All sources contacted for this article agreed that the basic problem for investors in the territories remains the adamant and self-serving policies of Israel, carefully developed over the past 30 years, to deny development to Palestinian areas, ostensibly on grounds of "security," but also to prevent creation of low-cost competition for Israeli industries and agriculture.

Since the signing of the Oslo accords in 1993, Palestinian per capita income has shrunk by at least one-third and the recurrent, massive closures continue to block any viable export industries and many, if not most, domestic industries.
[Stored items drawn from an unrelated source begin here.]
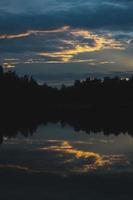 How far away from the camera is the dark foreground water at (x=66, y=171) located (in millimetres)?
22531

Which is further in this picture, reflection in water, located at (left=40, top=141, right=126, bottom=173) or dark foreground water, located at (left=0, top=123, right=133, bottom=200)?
reflection in water, located at (left=40, top=141, right=126, bottom=173)

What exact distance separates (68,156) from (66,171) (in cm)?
719

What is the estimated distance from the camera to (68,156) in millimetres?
35656

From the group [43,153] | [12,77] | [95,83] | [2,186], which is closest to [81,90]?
[95,83]

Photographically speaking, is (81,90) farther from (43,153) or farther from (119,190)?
(119,190)

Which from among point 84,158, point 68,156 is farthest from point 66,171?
point 68,156

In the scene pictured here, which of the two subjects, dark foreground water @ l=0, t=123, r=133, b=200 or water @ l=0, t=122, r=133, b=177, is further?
water @ l=0, t=122, r=133, b=177

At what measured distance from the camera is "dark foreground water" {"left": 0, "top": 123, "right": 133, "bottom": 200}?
2253 cm

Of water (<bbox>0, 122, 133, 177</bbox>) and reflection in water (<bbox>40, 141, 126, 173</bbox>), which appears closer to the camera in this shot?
water (<bbox>0, 122, 133, 177</bbox>)

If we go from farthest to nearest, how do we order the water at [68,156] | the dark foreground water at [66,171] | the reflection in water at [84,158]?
the reflection in water at [84,158], the water at [68,156], the dark foreground water at [66,171]

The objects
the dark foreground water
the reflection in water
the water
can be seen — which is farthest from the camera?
the reflection in water

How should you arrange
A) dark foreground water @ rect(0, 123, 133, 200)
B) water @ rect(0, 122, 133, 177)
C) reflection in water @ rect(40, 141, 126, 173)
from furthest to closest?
reflection in water @ rect(40, 141, 126, 173) < water @ rect(0, 122, 133, 177) < dark foreground water @ rect(0, 123, 133, 200)

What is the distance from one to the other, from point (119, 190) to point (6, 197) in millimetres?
5172

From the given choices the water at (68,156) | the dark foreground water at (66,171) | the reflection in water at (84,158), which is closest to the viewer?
the dark foreground water at (66,171) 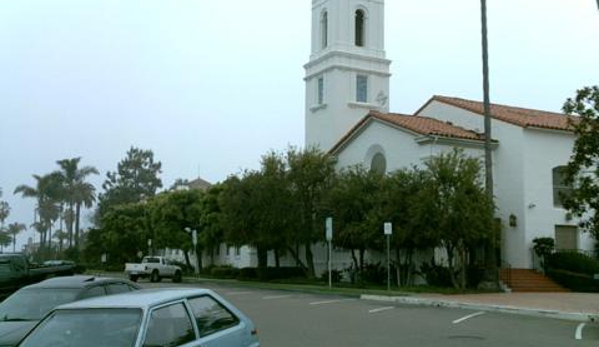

Israel still has not resolved five-year-old U.S. complaints that Israel has failed to implement agreed market-opening policies for U.S. goods in exchange for very liberal free trade provisions negotiated in the 1980s. These provided Israel with the means to enter the U.S. market with Israeli goods.

Builders for Peace was headed for much of its short life by R. Joseph DeSutter. He had served in White House positions in the Reagan, Bush and Clinton administrations before being named Builders for Peace executive director on March 1, 1994. A former Air Force officer, he also had served as deputy foreign affairs adviser to Vice President Gore, with some Middle East policy responsibilities.

Builders for Peace board members were unavailable for comment. Presumably some of them will continue to work on investments in the Palestinian territories.


Eugene Bird is president of the Council for the National Interest and diplomatic correspondent for the Washington Report.